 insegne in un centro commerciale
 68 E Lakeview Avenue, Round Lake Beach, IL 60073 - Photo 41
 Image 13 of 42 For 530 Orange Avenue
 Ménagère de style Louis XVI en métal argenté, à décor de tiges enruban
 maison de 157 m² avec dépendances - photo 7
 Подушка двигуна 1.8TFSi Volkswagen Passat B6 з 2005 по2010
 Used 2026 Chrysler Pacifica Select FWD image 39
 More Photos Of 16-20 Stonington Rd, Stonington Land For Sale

==

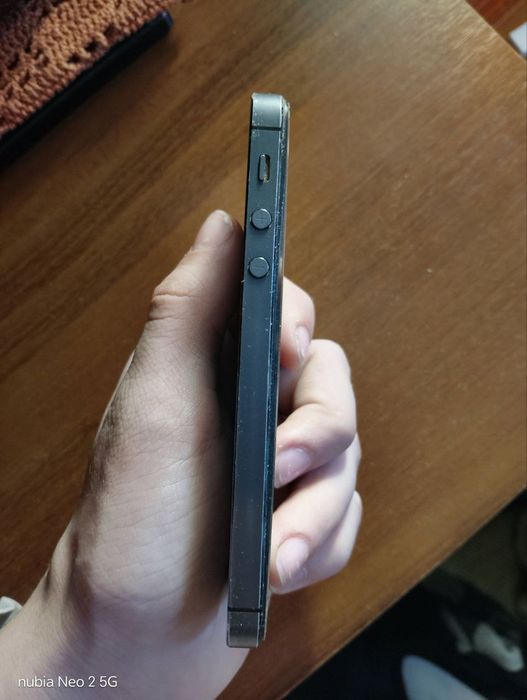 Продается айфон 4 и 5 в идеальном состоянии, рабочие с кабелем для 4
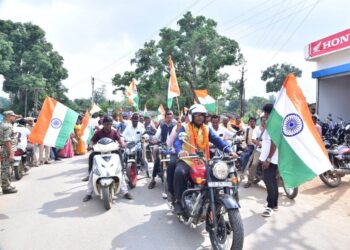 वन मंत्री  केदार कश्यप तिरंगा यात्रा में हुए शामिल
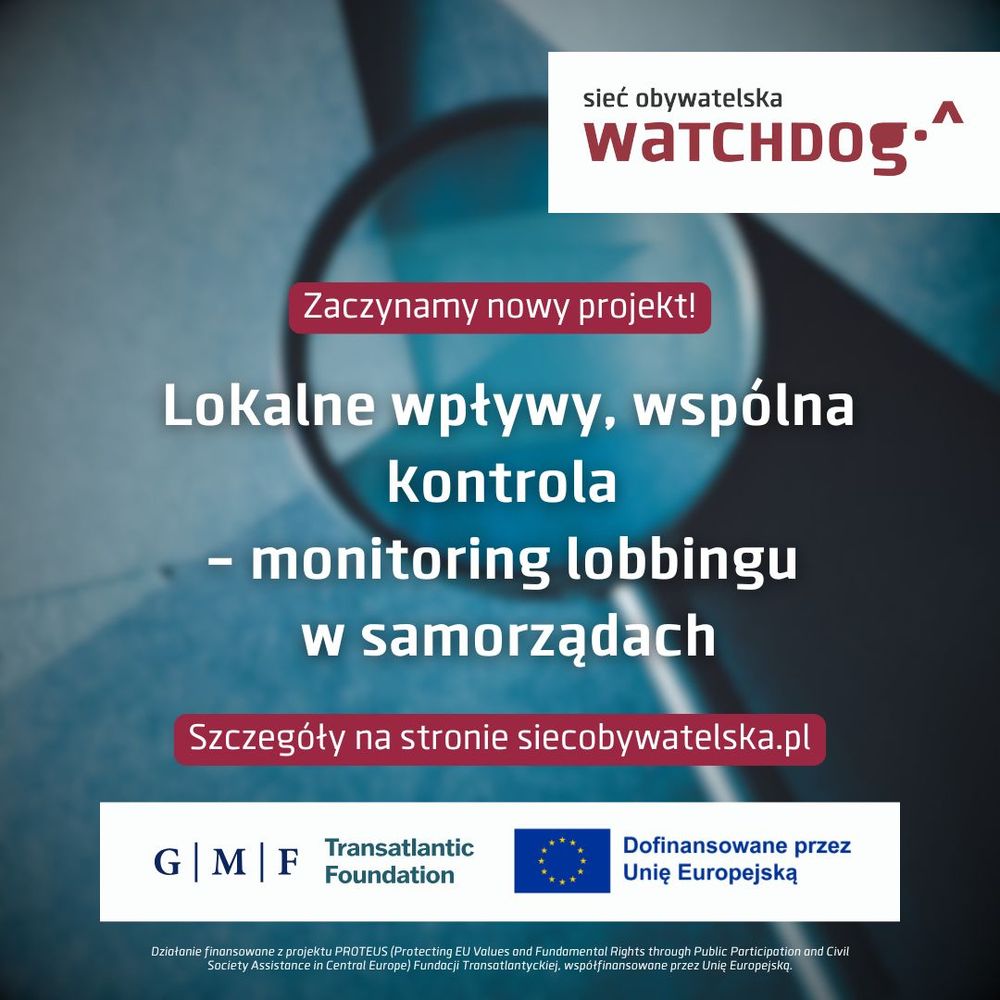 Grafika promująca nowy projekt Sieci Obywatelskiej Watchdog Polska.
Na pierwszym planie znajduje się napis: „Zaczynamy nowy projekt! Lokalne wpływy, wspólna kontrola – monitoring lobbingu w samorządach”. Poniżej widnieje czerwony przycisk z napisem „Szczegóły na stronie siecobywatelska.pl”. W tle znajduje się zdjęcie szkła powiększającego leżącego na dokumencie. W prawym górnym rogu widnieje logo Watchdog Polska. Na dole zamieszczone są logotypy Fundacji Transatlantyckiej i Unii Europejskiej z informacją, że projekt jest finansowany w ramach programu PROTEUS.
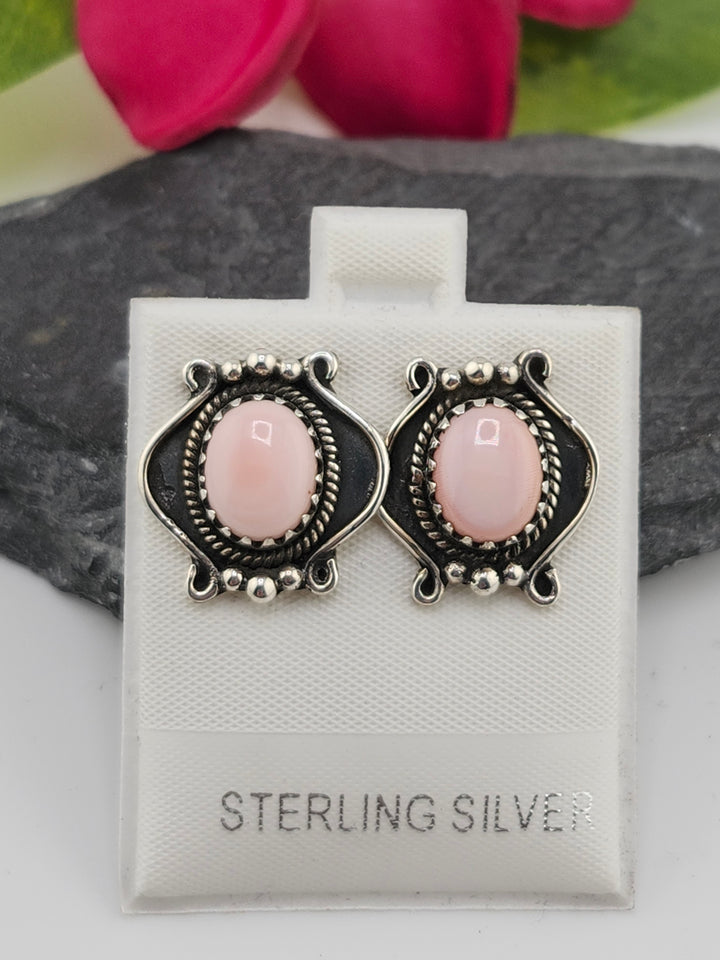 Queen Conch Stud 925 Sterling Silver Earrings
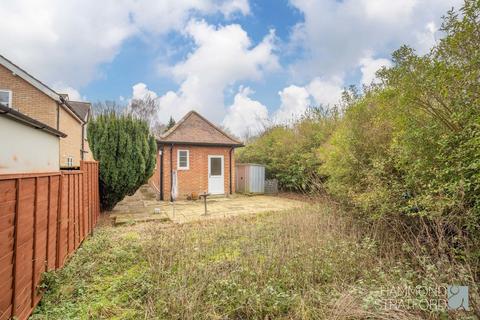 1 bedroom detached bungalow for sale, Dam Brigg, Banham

...

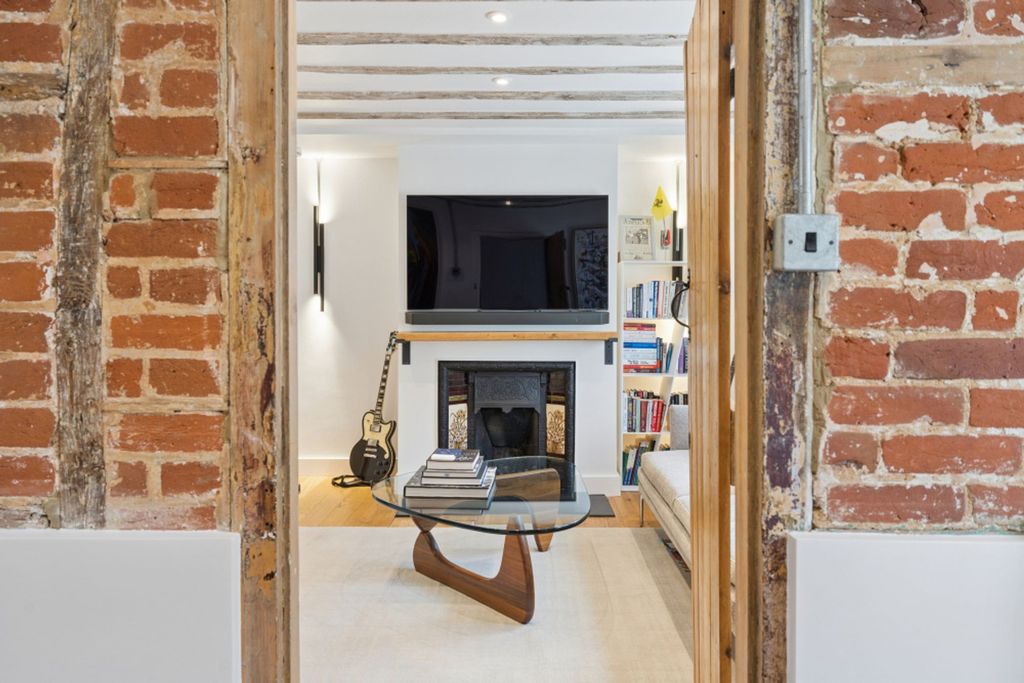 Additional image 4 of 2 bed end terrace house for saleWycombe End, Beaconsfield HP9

* _Problem to work on_
Transcribe, exactly and without pictures, everything in the data from the line with "Продается айфон 4" down to the line with "1 bedroom detached", both included.

* _Reply_
 Продается айфон 4 и 5 в идеальном состоянии, рабочие с кабелем для 4
 वन मंत्री  केदार कश्यप तिरंगा यात्रा में हुए शामिल
 Grafika promująca nowy projekt Sieci Obywatelskiej Watchdog Polska.
Na pierwszym planie znajduje się napis: „Zaczynamy nowy projekt! Lokalne wpływy, wspólna kontrola – monitoring lobbingu w samorządach”. Poniżej widnieje czerwony przycisk z napisem „Szczegóły na stronie siecobywatelska.pl”. W tle znajduje się zdjęcie szkła powiększającego leżącego na dokumencie. W prawym górnym rogu widnieje logo Watchdog Polska. Na dole zamieszczone są logotypy Fundacji Transatlantyckiej i Unii Europejskiej z informacją, że projekt jest finansowany w ramach programu PROTEUS.
 Queen Conch Stud 925 Sterling Silver Earrings
 1 bedroom detached bungalow for sale, Dam Brigg, Banham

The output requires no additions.